---
id: "prereq-gpu-memory-hierarchy"
type: "prereq"
source_timestamps: ["01:44:00", "18:10:00"]
tags: ["hardware", "infrastructure"]
related: ["entity-hbm", "framework-memory-optimization-landscape"]
reason: "Necessary to understand the physical constraints driving the need for software compression and tiering strategies."
sources: ["s49-killed-ram-limits"]
sourceVaultSlug: "s49-killed-ram-limits"
originDay: 49
---
# Understanding of GPU Memory Hierarchy

**Prerequisite**: Understanding of GPU Memory Hierarchy.

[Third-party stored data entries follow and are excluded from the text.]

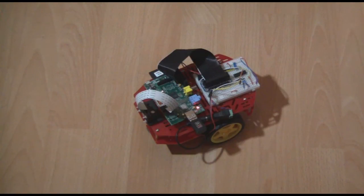It's based around the Magician Robot chassis. This comes in kit form comprising the base, the wheels and the motor. The rest of the kit including the Raspberry Pi and the electronic circuitry is added later.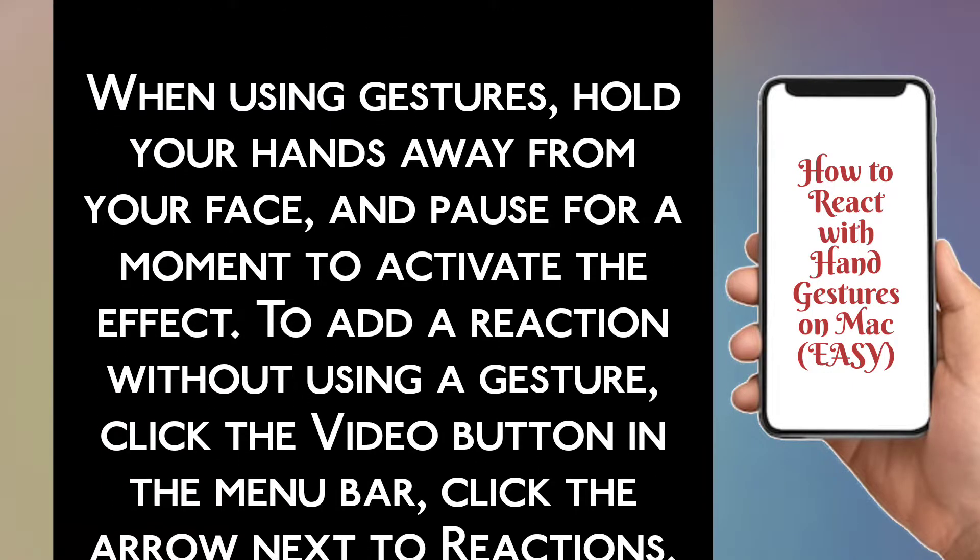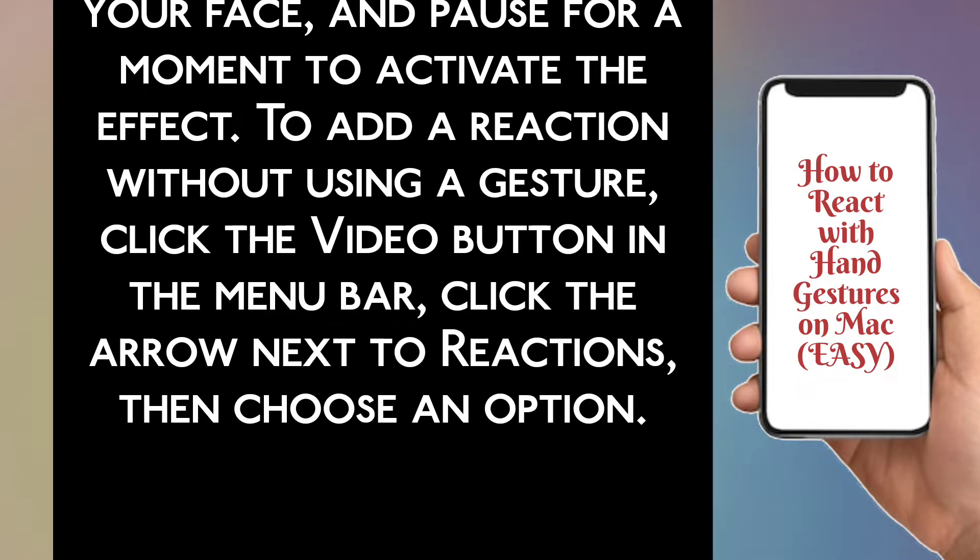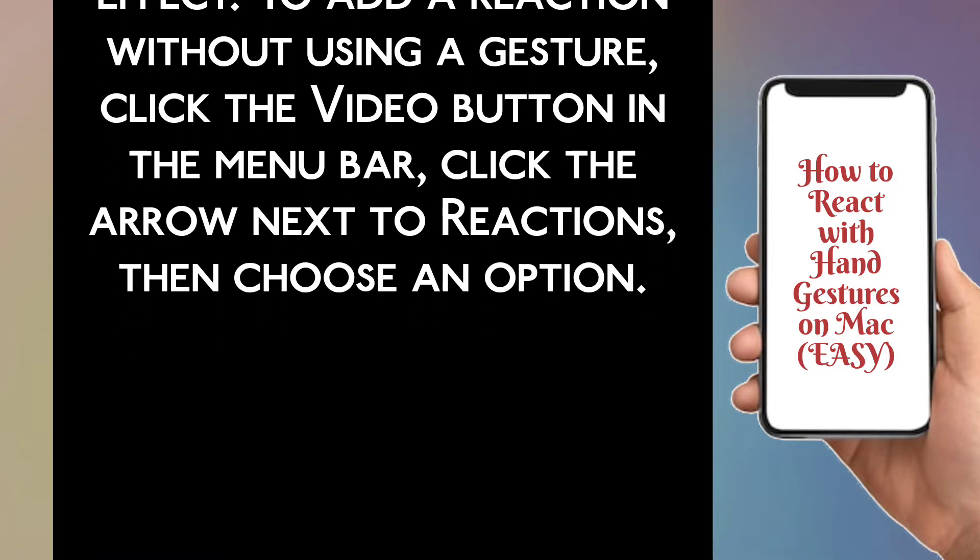To add a reaction without using a gesture, click the video button in the menu bar, click the arrow next to reactions and choose an option.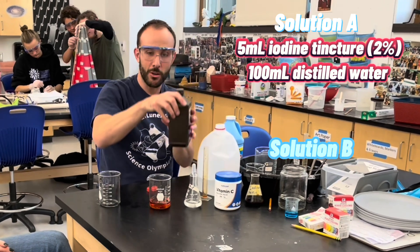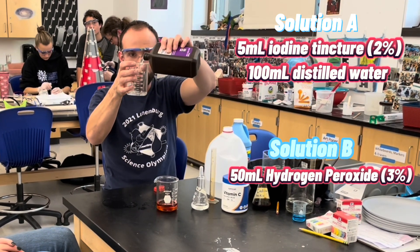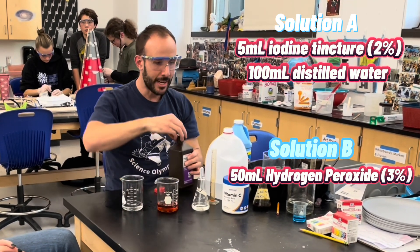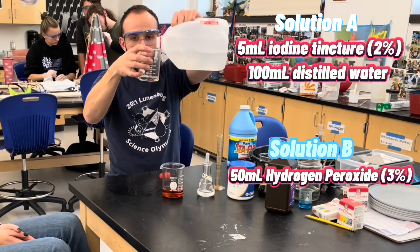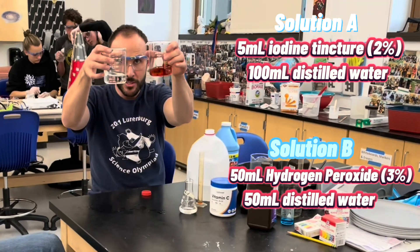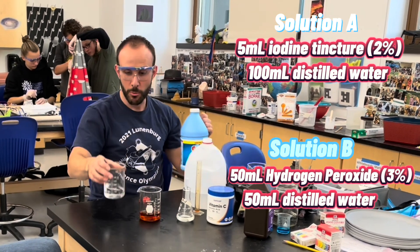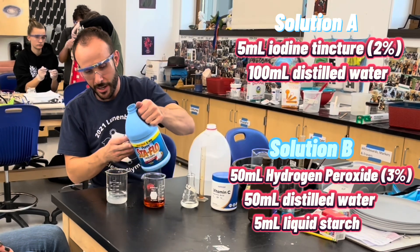Now I'm going to take regular over-the-counter hydrogen peroxide, and I'm going to put 50 milliliters of hydrogen peroxide in here. Next, I'm going to add some distilled water to top it off to about 100 milliliters. It doesn't have to be perfect, but I've got roughly the same amount of liquid in both. Now in the hydrogen peroxide one, I'm taking liquid starch and I'm going to put just a little bit of liquid starch in here.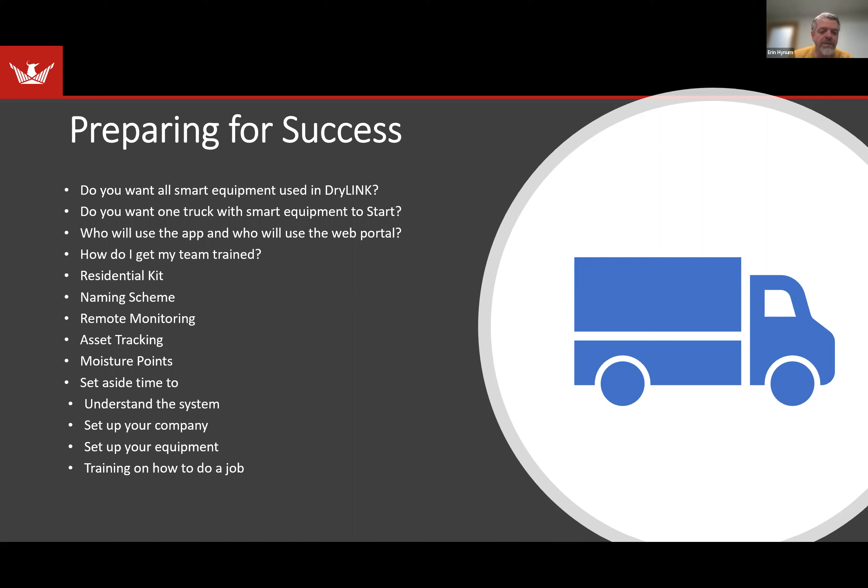Lastly, we're going to talk about setting aside time. Somebody needs to understand the system, and really it needs to be more than one person — if you have somebody you train and then they leave the company, then what happens? So it's best to have more than one person understand the system. You want to have a little bit of time to set up your company, set up who needs to be in your company, then set up your equipment, and then training on how to actually do a job. This is all part of training for success.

**Why**: Comprehending the difference between [[entity-hbm]] (on-chip), standard CPU RAM, and disk storage is necessary to understand:

1. Why **'offloading and tiering' strategies** (bucket #4 of [[framework-memory-optimization-landscape]]) are used — they trade latency for capacity by moving cold KV pairs to slower, cheaper substrates.
2. Why **HBM scarcity** specifically is a critical industry bottleneck — HBM bandwidth is irreplaceable for hot inference workloads even when CPU RAM is plentiful.
3. Why **software compression** like [[concept-turboquant]] matters most for the HBM tier — it directly multiplies effective HBM capacity.

Without this hierarchy in mind, the framing of the [[concept-ai-memory-crisis]] as specifically an **HBM** problem (rather than a generic 'memory' problem) is opaque.